• Description of the task:
Repeat exactly the lines from the start of the material below up to and including the "Smiling woman with" line.

• Input material:
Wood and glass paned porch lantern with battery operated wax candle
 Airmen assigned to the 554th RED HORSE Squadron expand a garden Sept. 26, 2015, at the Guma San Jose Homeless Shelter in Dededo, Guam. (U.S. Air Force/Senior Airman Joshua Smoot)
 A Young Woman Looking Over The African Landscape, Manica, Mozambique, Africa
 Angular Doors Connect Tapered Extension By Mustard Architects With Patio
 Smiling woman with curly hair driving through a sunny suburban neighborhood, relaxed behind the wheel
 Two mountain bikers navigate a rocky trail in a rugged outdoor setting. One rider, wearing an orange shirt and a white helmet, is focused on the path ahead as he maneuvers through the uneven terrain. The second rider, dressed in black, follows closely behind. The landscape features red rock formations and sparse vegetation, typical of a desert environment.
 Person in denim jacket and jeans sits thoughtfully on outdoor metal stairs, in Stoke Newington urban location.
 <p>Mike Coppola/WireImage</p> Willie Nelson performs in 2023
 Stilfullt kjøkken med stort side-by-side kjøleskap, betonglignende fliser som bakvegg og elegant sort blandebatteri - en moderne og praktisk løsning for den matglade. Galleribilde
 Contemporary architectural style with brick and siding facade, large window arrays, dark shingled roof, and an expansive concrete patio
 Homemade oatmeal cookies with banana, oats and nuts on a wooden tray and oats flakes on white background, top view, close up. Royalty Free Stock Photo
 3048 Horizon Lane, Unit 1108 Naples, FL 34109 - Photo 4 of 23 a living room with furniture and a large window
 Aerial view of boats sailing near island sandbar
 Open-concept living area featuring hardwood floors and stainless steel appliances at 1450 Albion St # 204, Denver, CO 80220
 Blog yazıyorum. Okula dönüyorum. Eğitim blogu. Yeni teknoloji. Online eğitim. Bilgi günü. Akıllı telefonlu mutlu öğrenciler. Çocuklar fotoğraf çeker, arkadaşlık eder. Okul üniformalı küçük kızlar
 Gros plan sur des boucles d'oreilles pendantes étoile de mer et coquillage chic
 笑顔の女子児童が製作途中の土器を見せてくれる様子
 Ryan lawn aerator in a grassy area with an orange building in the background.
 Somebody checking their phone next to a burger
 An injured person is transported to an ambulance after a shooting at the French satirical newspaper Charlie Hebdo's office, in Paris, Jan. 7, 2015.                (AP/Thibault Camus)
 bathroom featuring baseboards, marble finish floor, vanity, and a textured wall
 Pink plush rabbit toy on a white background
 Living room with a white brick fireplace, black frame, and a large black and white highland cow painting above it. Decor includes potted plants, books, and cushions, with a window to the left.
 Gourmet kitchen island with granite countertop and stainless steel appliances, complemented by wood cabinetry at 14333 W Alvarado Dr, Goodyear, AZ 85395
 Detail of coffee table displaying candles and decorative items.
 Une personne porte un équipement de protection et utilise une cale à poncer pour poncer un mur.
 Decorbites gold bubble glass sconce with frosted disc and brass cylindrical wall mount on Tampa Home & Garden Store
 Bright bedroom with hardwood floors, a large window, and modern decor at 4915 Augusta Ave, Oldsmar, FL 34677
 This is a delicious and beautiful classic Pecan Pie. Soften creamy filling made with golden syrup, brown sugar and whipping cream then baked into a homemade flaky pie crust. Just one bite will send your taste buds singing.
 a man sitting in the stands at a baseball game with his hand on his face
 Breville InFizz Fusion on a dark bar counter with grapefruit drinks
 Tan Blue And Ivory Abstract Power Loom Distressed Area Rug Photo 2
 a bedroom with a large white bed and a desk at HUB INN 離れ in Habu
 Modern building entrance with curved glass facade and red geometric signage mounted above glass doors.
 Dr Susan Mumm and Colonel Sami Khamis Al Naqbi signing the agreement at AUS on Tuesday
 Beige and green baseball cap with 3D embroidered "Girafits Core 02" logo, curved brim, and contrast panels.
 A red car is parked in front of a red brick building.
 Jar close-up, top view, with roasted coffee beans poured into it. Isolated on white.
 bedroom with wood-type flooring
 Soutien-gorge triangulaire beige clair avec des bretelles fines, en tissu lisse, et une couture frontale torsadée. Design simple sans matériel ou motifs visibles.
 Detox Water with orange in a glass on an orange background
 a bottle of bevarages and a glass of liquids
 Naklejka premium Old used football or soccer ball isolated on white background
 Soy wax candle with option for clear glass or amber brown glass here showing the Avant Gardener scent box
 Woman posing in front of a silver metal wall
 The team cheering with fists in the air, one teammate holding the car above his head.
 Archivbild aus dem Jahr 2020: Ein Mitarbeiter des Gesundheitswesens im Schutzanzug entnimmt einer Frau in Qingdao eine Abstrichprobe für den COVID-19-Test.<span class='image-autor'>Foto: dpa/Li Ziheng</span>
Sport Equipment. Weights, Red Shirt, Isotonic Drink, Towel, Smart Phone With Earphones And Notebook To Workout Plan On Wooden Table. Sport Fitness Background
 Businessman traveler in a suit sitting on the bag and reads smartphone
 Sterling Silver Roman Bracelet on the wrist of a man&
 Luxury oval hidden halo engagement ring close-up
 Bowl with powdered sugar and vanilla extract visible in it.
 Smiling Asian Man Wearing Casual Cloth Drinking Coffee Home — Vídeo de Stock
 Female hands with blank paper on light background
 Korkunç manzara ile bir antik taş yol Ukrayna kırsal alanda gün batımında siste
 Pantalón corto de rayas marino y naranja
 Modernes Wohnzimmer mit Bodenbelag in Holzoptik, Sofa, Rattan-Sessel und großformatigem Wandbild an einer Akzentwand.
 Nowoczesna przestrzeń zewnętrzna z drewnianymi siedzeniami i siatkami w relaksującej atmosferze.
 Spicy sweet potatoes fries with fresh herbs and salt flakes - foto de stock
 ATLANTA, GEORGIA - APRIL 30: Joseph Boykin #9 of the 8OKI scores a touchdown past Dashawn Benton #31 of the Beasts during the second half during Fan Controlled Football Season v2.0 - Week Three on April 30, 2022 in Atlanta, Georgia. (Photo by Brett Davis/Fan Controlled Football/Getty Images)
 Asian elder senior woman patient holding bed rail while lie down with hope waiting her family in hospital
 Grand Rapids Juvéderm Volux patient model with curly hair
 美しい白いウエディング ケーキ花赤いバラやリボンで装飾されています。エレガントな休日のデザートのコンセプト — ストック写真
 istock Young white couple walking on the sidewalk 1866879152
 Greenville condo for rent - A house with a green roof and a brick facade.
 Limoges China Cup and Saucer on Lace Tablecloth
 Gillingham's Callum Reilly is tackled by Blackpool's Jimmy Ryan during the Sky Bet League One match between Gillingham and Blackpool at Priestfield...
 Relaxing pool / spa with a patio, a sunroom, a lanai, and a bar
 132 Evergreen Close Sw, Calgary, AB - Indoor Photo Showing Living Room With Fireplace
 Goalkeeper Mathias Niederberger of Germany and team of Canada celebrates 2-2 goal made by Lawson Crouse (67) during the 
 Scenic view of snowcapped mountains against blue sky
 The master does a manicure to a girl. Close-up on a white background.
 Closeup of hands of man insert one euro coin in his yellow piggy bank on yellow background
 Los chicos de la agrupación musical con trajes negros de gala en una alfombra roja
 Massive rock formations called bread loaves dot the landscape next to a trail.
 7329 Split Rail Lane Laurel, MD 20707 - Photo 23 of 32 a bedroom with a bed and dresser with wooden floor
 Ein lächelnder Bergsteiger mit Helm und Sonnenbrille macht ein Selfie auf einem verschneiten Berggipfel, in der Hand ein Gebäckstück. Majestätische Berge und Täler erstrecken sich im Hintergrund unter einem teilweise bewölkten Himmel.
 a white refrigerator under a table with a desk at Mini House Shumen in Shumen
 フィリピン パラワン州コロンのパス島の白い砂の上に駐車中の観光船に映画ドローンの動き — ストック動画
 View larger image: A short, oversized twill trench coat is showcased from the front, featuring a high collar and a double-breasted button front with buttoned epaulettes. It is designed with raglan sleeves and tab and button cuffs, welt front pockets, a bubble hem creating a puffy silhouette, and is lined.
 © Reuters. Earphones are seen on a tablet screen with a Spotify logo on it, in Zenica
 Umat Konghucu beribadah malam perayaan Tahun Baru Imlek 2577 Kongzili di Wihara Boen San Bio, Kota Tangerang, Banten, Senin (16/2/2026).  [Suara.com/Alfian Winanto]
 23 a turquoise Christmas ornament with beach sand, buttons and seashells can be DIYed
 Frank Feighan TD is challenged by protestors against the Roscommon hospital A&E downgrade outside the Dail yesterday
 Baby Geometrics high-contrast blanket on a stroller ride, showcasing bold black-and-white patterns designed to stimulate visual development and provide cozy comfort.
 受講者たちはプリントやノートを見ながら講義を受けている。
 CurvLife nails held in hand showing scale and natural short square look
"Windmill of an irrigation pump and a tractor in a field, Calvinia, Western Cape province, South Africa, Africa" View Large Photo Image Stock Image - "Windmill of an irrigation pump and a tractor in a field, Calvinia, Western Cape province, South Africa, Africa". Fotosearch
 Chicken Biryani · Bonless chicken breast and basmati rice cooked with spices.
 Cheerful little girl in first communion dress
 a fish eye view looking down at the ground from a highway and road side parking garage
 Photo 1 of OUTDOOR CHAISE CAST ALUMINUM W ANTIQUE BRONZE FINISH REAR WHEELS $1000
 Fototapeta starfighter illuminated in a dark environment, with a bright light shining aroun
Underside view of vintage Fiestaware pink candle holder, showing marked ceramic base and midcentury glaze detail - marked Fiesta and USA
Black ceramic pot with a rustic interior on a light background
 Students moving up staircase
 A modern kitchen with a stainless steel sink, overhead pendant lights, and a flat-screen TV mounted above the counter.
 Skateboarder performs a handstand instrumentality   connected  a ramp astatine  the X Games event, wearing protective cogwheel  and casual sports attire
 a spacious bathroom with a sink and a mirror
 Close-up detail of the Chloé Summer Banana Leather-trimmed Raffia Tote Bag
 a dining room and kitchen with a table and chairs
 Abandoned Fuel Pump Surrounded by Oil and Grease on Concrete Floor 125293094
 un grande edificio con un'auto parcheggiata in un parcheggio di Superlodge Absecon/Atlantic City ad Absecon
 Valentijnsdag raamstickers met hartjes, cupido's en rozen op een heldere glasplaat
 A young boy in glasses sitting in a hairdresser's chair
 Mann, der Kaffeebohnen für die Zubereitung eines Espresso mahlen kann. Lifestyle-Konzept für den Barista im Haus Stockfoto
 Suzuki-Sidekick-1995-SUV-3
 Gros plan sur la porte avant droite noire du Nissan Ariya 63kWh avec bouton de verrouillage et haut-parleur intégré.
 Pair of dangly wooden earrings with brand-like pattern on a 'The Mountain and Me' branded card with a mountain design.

• Output:
Wood and glass paned porch lantern with battery operated wax candle
 Airmen assigned to the 554th RED HORSE Squadron expand a garden Sept. 26, 2015, at the Guma San Jose Homeless Shelter in Dededo, Guam. (U.S. Air Force/Senior Airman Joshua Smoot)
 A Young Woman Looking Over The African Landscape, Manica, Mozambique, Africa
 Angular Doors Connect Tapered Extension By Mustard Architects With Patio
 Smiling woman with curly hair driving through a sunny suburban neighborhood, relaxed behind the wheel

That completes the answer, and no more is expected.